Oysa hayatın hiçbir alanı siyah beyaz değildir. Hele konu insan ise hiç değildir.
İnsanları indirgemeci ve toptancı yargılarla tanımlamak haksızlığa ve adaletsizliğe sebep olur.
Herkesin iyi tarafları, başarıları, meziyetleri veya eksik tarafları vardır. Önemli olan toplamda insanların ne olduğudur.
Cumhurbaşkanımız Erdoğan'a karşı üretilmeye çalışılan kin ve nefret dalgası toplum vicdanında ters teptiği için siyasi konumu güçlü şekilde devam ediyor.
19 yılda girdiği tüm seçimleri kazanarak iktidarını koruyabilmek ortada büyük başarılar olduğunu, milletle güçlü bir gönül bağı kurulduğunu gösterir.
Muhalefet, eleştiri yapmakla saldırmayı ve suçlamayı karıştırdığı için veya hiçbir başarıyı kabullenmek istemediği için inandırıcılık kazanamıyor.
Haksız yüklenmeler adalet duygusuna çarpıp buharlaşıyor.
İçişleri Bakanı Süleyman Soylu'ya yönelik siyasi tutumlar da adalet ve hakkaniyet ölçüsünü kaybettiği için anlamsız kalıyor.
Milletin vicdanı hassas bir terazi gibidir, insanları münferit hadiseler veya siyasi sataşmalarla değil, toplam değeriyle ölçer.
Soylu, AK Parti iktidarının politikalarını uygulayan bir siyasetçi, bunları beğenirsiniz veya beğenmezsiniz.
Soylu, bir tarzı, tutumu, üslubu olan da bir siyasetçi, bunu da beğenir veya beğenmezsiniz.
Ancak Soylu'nun hem bakan hem siyasetçi olarak yaptıkları, başardıkları, ortaya koydukları toptancı ve indirgemeci yaklaşımlarla ele alınmak yerine resmin bütünü açısından ele alınmalıdır.

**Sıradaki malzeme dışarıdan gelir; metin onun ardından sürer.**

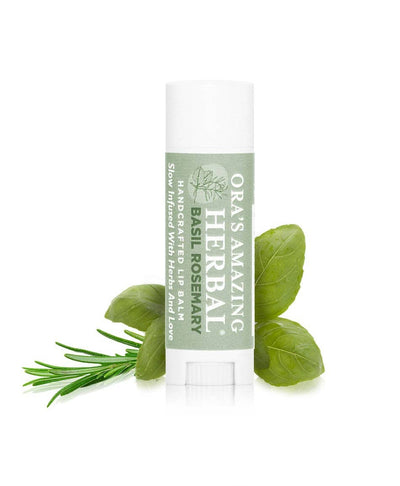 Natural Lip Balm, Herbal Infused, Basil Rosemary (1 Case of 16 Units)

Soylu SİYASETÇİ'dir ve başarılı bir siyasetçidir. Siyasete hasbelkader bulaşan, tepeden inme gelen, oturduğu koltukla bu vasfı kazanan biri değildir. Siyasetin her kademesinde bulunmak, en alt basamakları tırmanarak yükselmek ayrı bir siyasi tecrübedir. Bu tür uzun yıllara sari siyasi yaşamların her anı mercek altında olur.
Soylu TEŞKİLATÇI'dır. Bir siyasi hareketin ve örgütün parçası, sürükleyicisi, aktörü olmak insanlarla sıkı ilişki içinde olmayı gerektirir. Bu ise vefa, kadirşinaslık, sıkı ilişki, samimi diyalog ve ekip adamı olmakla mümkündür. Yol arkadaşlığına önem vermek ayrı bir meziyettir.
Soylu MÜCADELECİ'dir. Devlet-memleket meselelerinde de siyasi süreçlerde de mücadele adamı olmak siyasi ikballe değil dava adamlığıyla, azim ve fedakarlıkla alakalıdır. Türkiye'de siyasete soyunmak mücadeleye soyunmaktır. Defosu olanlar ne mücadele edebilirler ne siyasette uzun soluklu olabilirler.
Soylu, ÇALIŞKAN'dır. Tembel adamdan ne siyasetçi ne devlet adamı olur. Genel Merkez ve Bakanlık görevleri Soylu'nun yüksek performans ve gayretini ortaya koymuştur.
Siyasetçileri bir sözle, bir olayla, bir anla tanımlamak ne kadar yanlışsa bir takım iddia ve söylentilerle mahkum etmeye çalışmak da yanlıştır.
Eğer siyaset bu tür yaklaşımlara kurban edilirse veya indirgemeci yaklaşımlarla ele alınırsa siyaset kurumu bir bütün olarak kaybeder.
Siyasetçileri değersizleştirme operasyonları siyaseti değerleştirir ki bunun demokrasimize bir faydası yoktur.